Un film des plus étranges, à propos duquel votre humble serviteur hésite entre ‘’C’est raté’’ et ‘’J’ai rien capté’’. L’intitulé pose question, déjà, tant il fait penser à ces unes de journaux façon ‘’Une femme prix Nobel de littérature’’. Détail amusant, en parcourant Internet à la recherche d’informations sur la chose, maigre butin, une ennuyeuse interview Zoom de Jean-Paul Civeyrac pour le Festival du film francophone d’Angoulême, et la présentation en avant-première à la Cinémathèque française, à l’occasion de l’actuelle rétrospective Sophie Marceau, où Frédéric Bonnaud, éminent féministe, se trompe par deux fois en énonçant le titre, transformé en ‘’Une femme d’aujourd’hui’’. Lapsus révélateur, mais de quoi ? Il est vrai que ‘’De notre temps’’ évoque un célèbre magazine à destination des seniors, et donc plutôt une autre époque que la nôtre. À regarder à la surface des choses, le film défendrait la thèse selon laquelle une femme de maintenant devrait, en cas de cocufiage mettons, se comporter comme un mâle alpha bien tradi. Sortez les flingues et les carquois, revenons au bon vieux temps du crime passionnel.
Autre point qui interroge, les décors, tout droit sortis de cet autre magazine de référence, j’ai nommé l’inestimable Demeures et Châteaux. L’opulence des personnages pose question, Madame commissaire de police et autrice de polars à succès, Monsieur agent immobilier spécialisé dans le haut de gamme, luxueuse propriété en banlieue, garçonnière avec vue à Paris, elle et lui se comportent du reste dans l’exercice de leur profession comme d’aimables dilettantes. Non, écoutez lieutenant, faites donc l’interrogatoire à ma place, j’ai la flemme. Les logis somptueux dans lesquels s’ébattent les personnages pourraient se justifier du fait qu’il s’agirait d’un conte, mais je ne sais pas. On se demande ce que le film veut nous dire, en faisant se croiser la route de la reine Marceau avec celle d’une famille dysfonctionnelle de prolos bon teint. Suivez-moi, manants, allons à l’hôtel (de charme), non laissez c’est pour moi, indique-t-elle avant de faire payer une autre addition à ces salauds de pauvres mal déconstruits. Plus tard, Sa Majesté SM descendra dans un vulgaire 3 étoiles, ‘’Les Galets’’, sera-ce un avant-goût du boulet au pied ainsi que de l’inscription aux galères qui se profilent à l’horizon, avec sa chambre-cellule ? Ces réflexions ne me mènent pas loin, retour à la case départ, j’hésite toujours entre ‘’Ce film est con’’ et ‘’C’est moi qui suis con’’. Le beau souvenir de Mes Provinciales de 2018 me fait pencher pour la deuxième option.

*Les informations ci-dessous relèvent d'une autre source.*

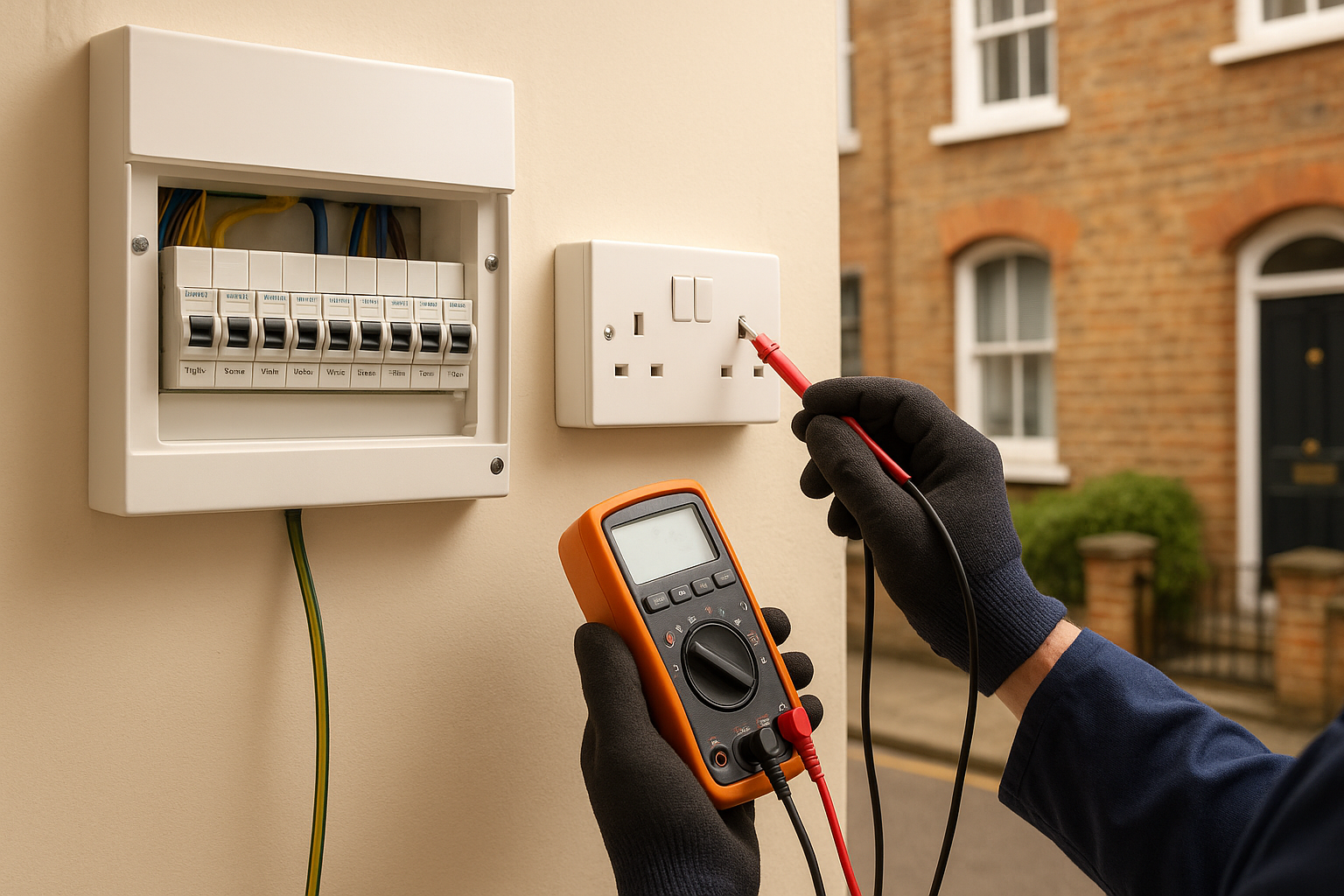 Wirelynx Wiring Specialists - Electrician in Pimlico - Pimlico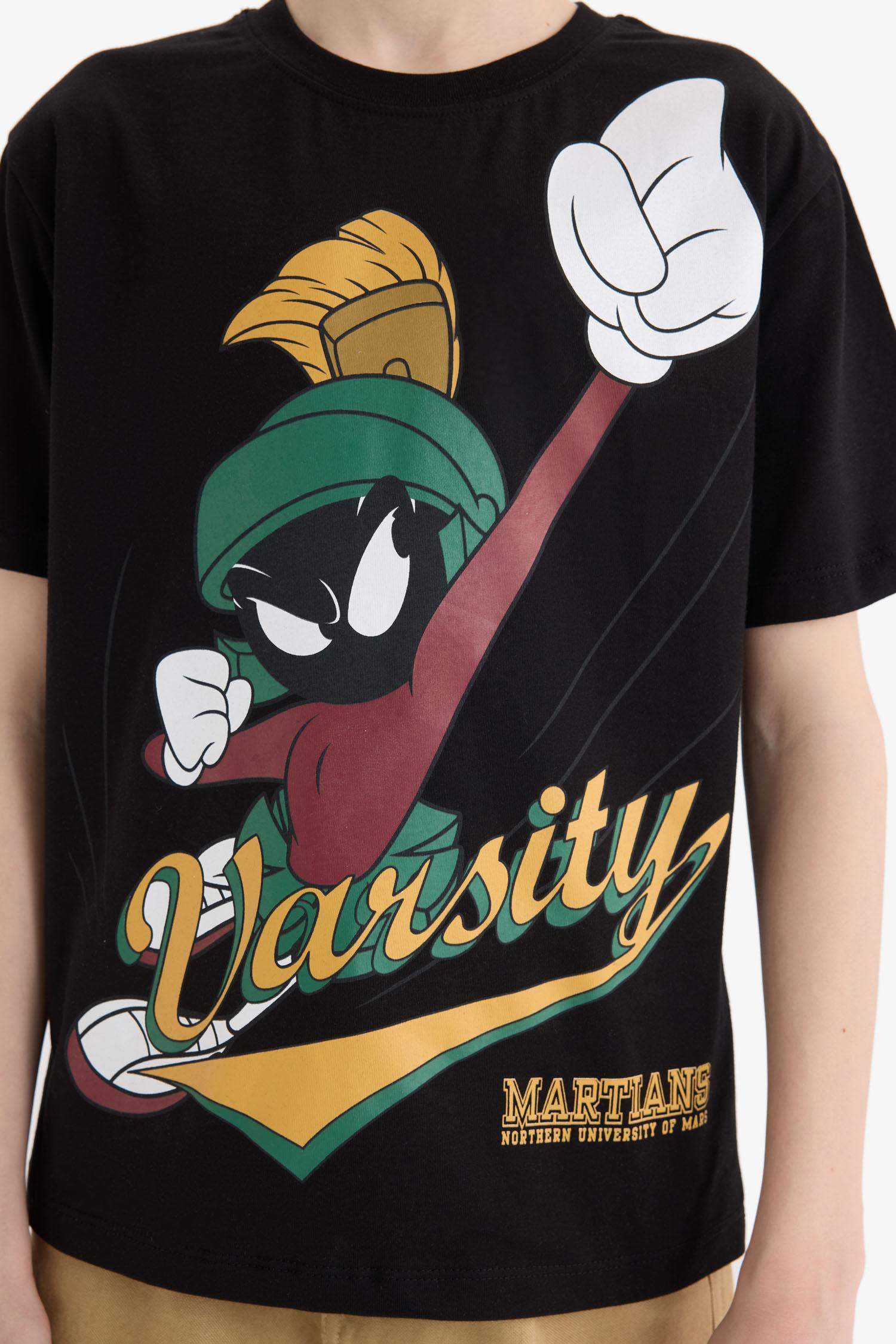 T-shirt imprimé Looney Tunes pour garçon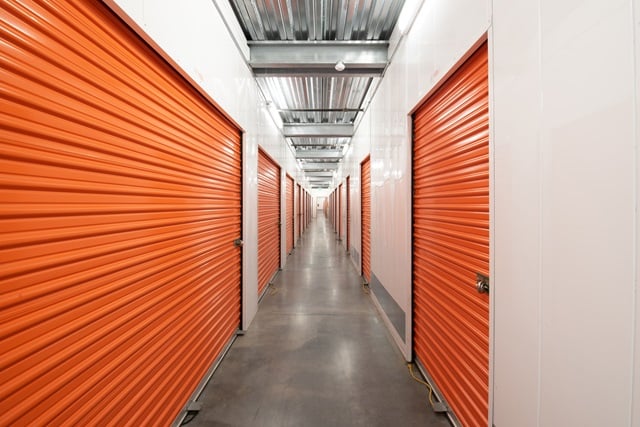 Self Storage Unit in Castro Valley, California 1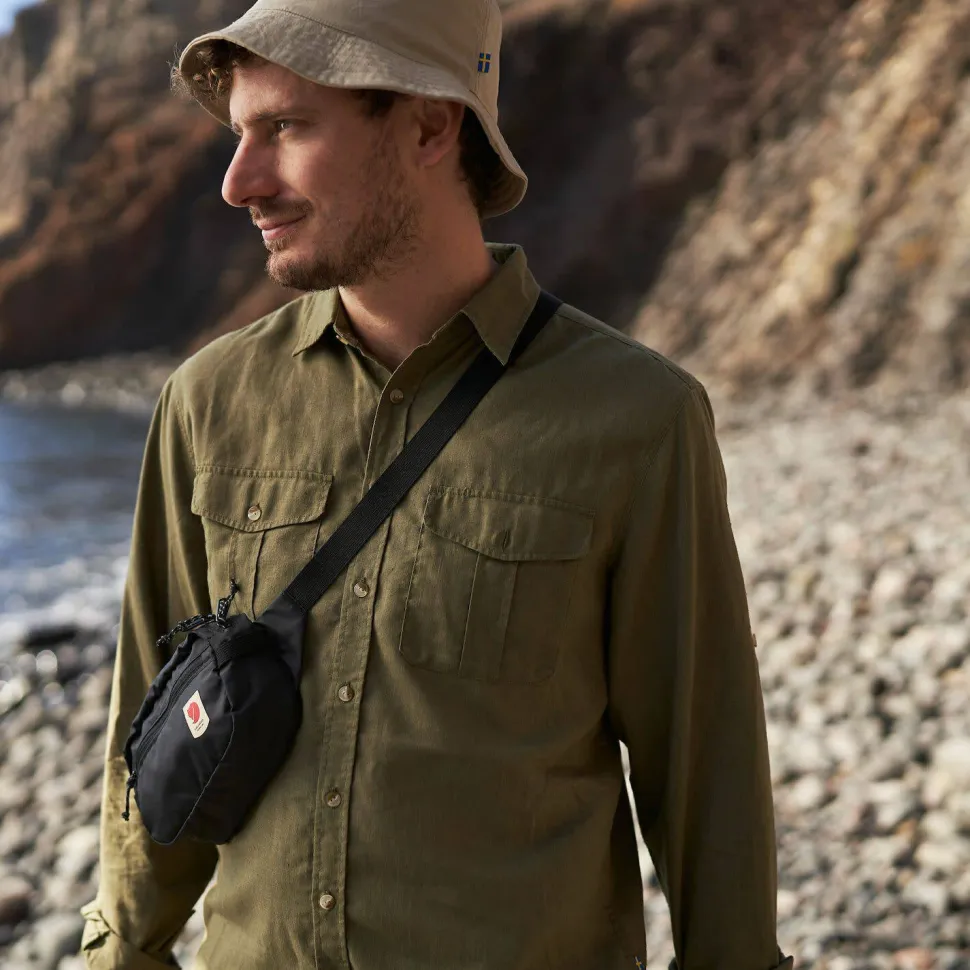 Fjällräven Reversible Bucket Hat Patina Green-Dark Navy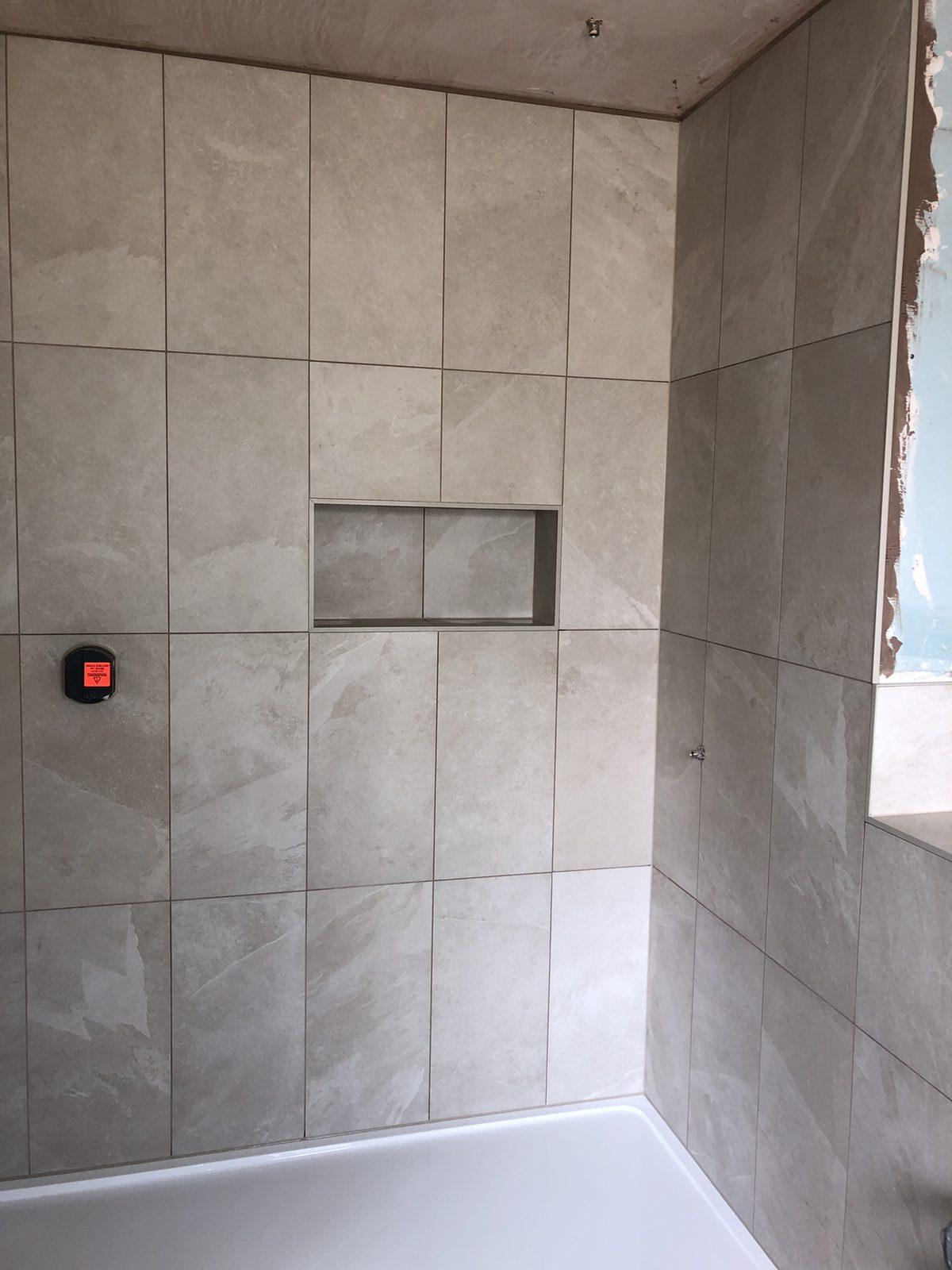Bathroom Renovation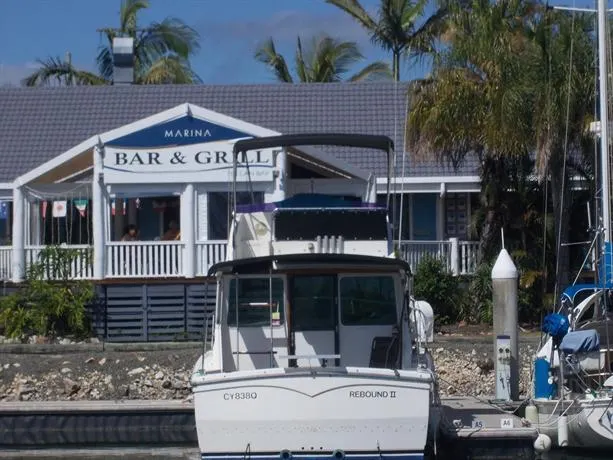 Tin Can Bay Marina Villas - Image 1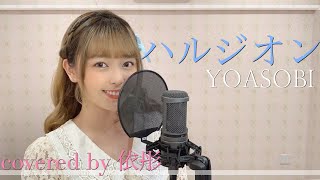 【台湾人が歌ってみた】ハルジオン — YOASOBI  (Covered by 依彤)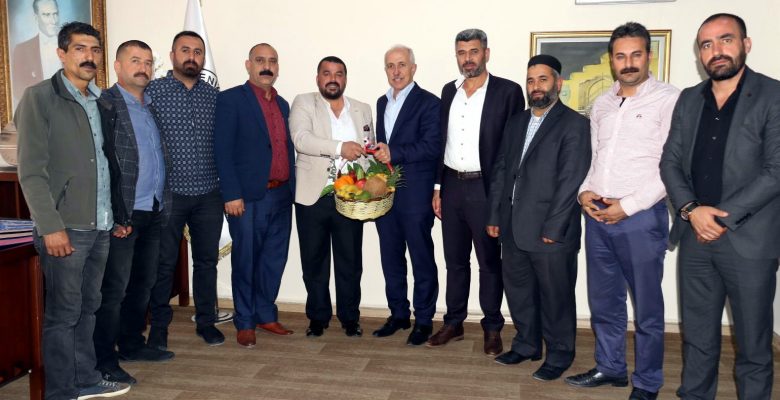 Pazarcılar Esnaf Odası yeni binasına kavuştu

Creusons encore un peu avant de nous quitter, restent en mémoire les œuvres symphoniques de Valentin Silvestrov, qui traduisent mieux que les mots la douleur de l’héroïne. Cependant à mesure s’opère un décalage entre le lyrisme échevelé de cette musique et le grotesque des situations. Il n’y a pas de souffrance ridicule, mais je suis partagé entre respect pour qui ose le saugrenu, et hilarité devant ce saugrenu qui n’aboutit nulle part, comme semblent le conclure simultanément dernière réplique et dernier plan. Femme libre, toujours tu chériras la mer.